Prediction of breeding values in sugarcane using pedigree and genomic information

Detalhes bibliográficos
Ano de defesa: 2015
Autor(a) principal: Costa, Paulo Mafra de Almeida
Orientador(a): Não Informado pela instituição
Banca de defesa: Não Informado pela instituição
Tipo de documento: Tese
Tipo de acesso: Acesso aberto
Idioma: eng
Instituição de defesa: Universidade Federal de Viçosa
Programa de Pós-Graduação: Não Informado pela instituição
Departamento: Não Informado pela instituição
País: Não Informado pela instituição
Palavras-chave em Português:
Link de acesso: http://www.locus.ufv.br/handle/123456789/7539
Resumo: The development of genomic tools for speed up sugarcane breeding has been delayed compared to other major crops, therefore, empirical studies must be conducted to evaluate the usefulness of this approach on this important crop. The objectives of our study were: i) to assess the accuracy of prediction of four quantitative traits using genomic information of SNP markers in a commercial sugarcane breeding population; ii) to compare the accuracy between predictions using pedigree and genomic information. Genetic values were predicted in a second phase trial population of 514 individuals genotyped with 37,024 SNP markers. Five statistical predictive models were evaluated: Genomic BLUP (GBLUP), Bayesian LASSO (BL), Bayes A (BA), Bayes B (BB) and Bayesian Ridge Regression (BRR). Accuracies of the methods were assessed through the correlation between observed and predicted genetic values in a lO-fold cross validation. The methods exhibited very similar accuracy values regarding the trait. Nevertheless, there were marked differences among traits. The highest accuracy was obtained for FB by the BRR method (0.57) and the lowest was obtained for TPH by Bayes B method (0.07).

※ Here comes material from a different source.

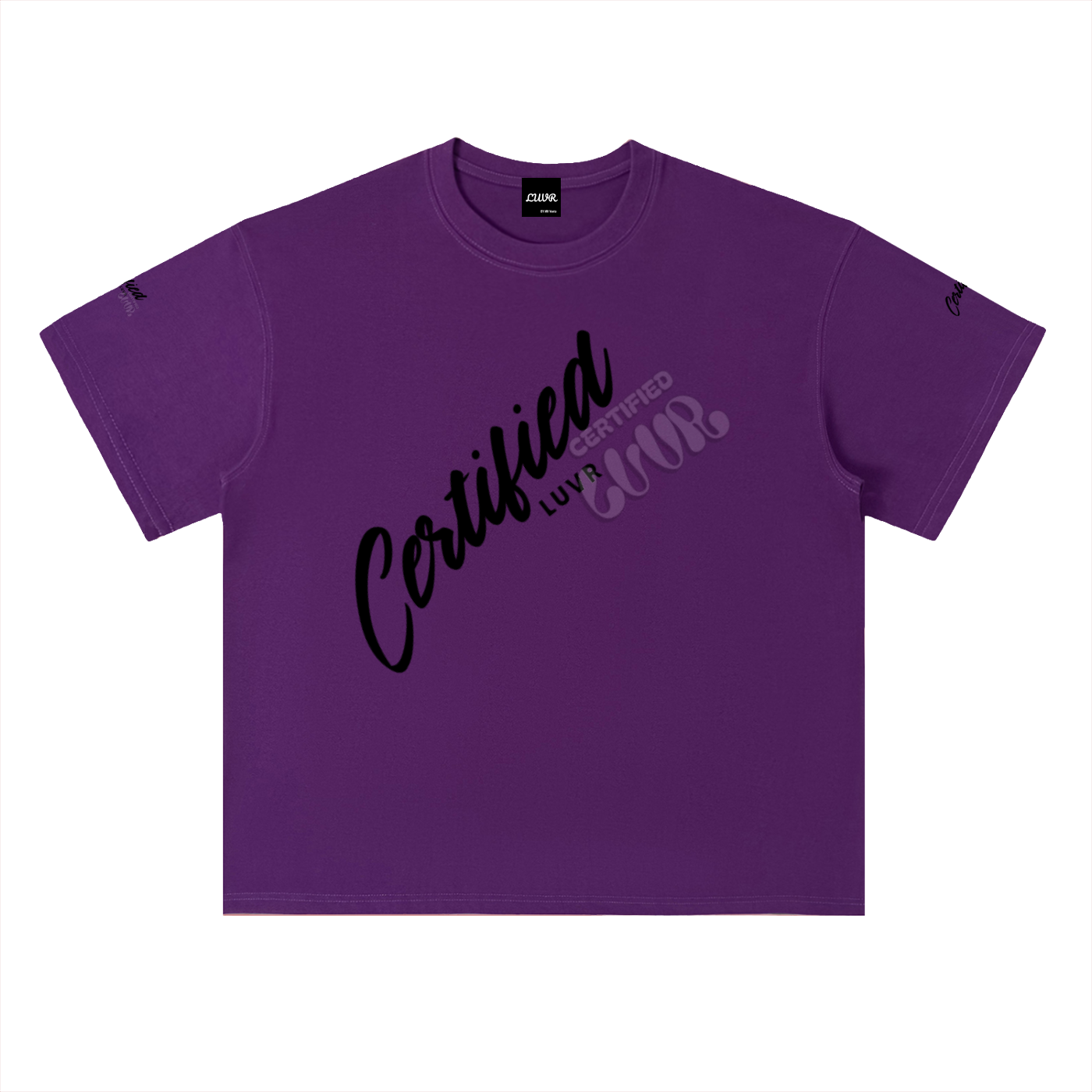 Heavyweight Drop Shoulder Cotton T-Shirt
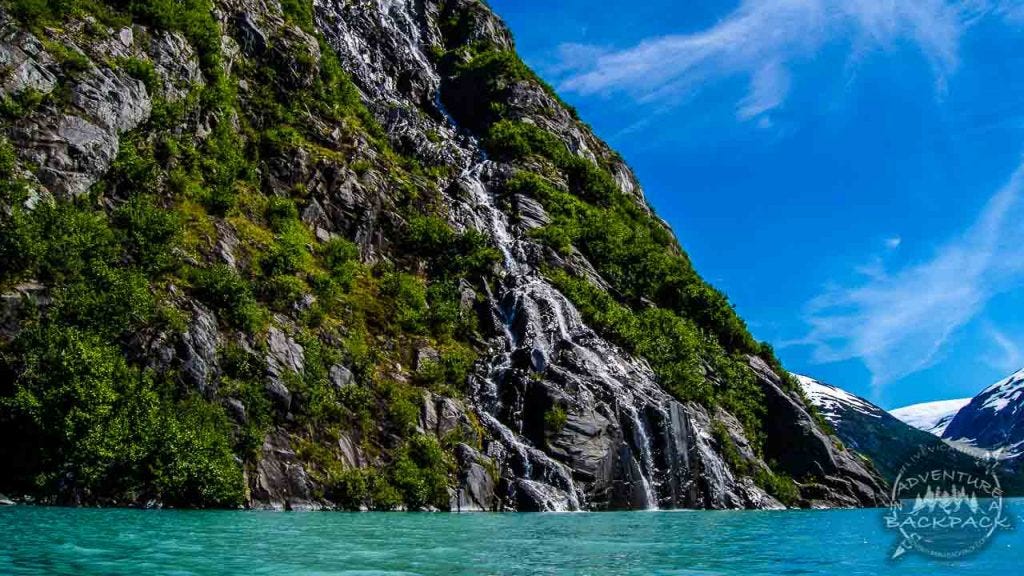 Waterfalls on Portage Lake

Two models (pedigree - P and pedigree + genomic - P+G) were fitted and used to predict the traits in order to compare the prediction accuracy using pedigree and genomic information. Overall, P+G exhibited higher correlation values, as well as lower standard deviation, except for the traits TSH and TPH. Genomic information explained higher proportion of the genetic variance in comparison to the pedigree. Satisfactory accuracies were obtained by using genomic information, especially for pol percentage in sugarcane and fiber percentage in bagasse. Thus, the use of genomic information could be more efficient per unit of time for improvement of desirable agronomic traits in a complex polyploid crop.